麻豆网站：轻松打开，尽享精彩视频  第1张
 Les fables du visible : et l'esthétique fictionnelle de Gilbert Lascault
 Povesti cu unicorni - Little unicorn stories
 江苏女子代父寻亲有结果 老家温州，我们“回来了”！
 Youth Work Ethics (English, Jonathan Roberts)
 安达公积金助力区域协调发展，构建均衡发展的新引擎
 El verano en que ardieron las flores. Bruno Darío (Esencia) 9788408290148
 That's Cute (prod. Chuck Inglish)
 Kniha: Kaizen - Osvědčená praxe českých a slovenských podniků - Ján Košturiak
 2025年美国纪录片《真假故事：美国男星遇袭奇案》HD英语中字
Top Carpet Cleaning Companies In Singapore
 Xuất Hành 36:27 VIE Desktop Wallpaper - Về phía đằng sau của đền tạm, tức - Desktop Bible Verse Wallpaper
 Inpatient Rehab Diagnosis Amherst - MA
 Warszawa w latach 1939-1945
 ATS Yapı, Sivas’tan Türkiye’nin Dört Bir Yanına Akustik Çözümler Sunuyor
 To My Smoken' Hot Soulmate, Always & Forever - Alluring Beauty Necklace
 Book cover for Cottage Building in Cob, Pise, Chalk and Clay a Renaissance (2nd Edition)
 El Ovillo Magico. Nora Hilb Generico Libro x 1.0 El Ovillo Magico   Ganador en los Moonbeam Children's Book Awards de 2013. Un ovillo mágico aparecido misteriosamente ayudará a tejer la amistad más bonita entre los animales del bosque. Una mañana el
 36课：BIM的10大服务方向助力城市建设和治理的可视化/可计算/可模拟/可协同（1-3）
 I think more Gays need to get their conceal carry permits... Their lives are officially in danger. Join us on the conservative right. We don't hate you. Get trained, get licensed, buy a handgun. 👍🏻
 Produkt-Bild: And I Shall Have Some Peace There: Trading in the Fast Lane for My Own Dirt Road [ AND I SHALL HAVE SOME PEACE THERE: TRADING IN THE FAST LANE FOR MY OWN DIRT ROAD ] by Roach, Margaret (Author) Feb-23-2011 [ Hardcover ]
####################
_EXERCISE INSTRUCTIONS_
Here the job is to transcribe the lines from the first line of the data through the line containing "ATS Yapı, Sivas’tan", inclusive, exactly and with nothing else.

_ANSWER BOX_
麻豆网站：轻松打开，尽享精彩视频  第1张
 Les fables du visible : et l'esthétique fictionnelle de Gilbert Lascault
 Povesti cu unicorni - Little unicorn stories
 江苏女子代父寻亲有结果 老家温州，我们“回来了”！
 Youth Work Ethics (English, Jonathan Roberts)
 安达公积金助力区域协调发展，构建均衡发展的新引擎
 El verano en que ardieron las flores. Bruno Darío (Esencia) 9788408290148
 That's Cute (prod. Chuck Inglish)
 Kniha: Kaizen - Osvědčená praxe českých a slovenských podniků - Ján Košturiak
 2025年美国纪录片《真假故事：美国男星遇袭奇案》HD英语中字
Top Carpet Cleaning Companies In Singapore
 Xuất Hành 36:27 VIE Desktop Wallpaper - Về phía đằng sau của đền tạm, tức - Desktop Bible Verse Wallpaper
 Inpatient Rehab Diagnosis Amherst - MA
 Warszawa w latach 1939-1945
 ATS Yapı, Sivas’tan Türkiye’nin Dört Bir Yanına Akustik Çözümler Sunuyor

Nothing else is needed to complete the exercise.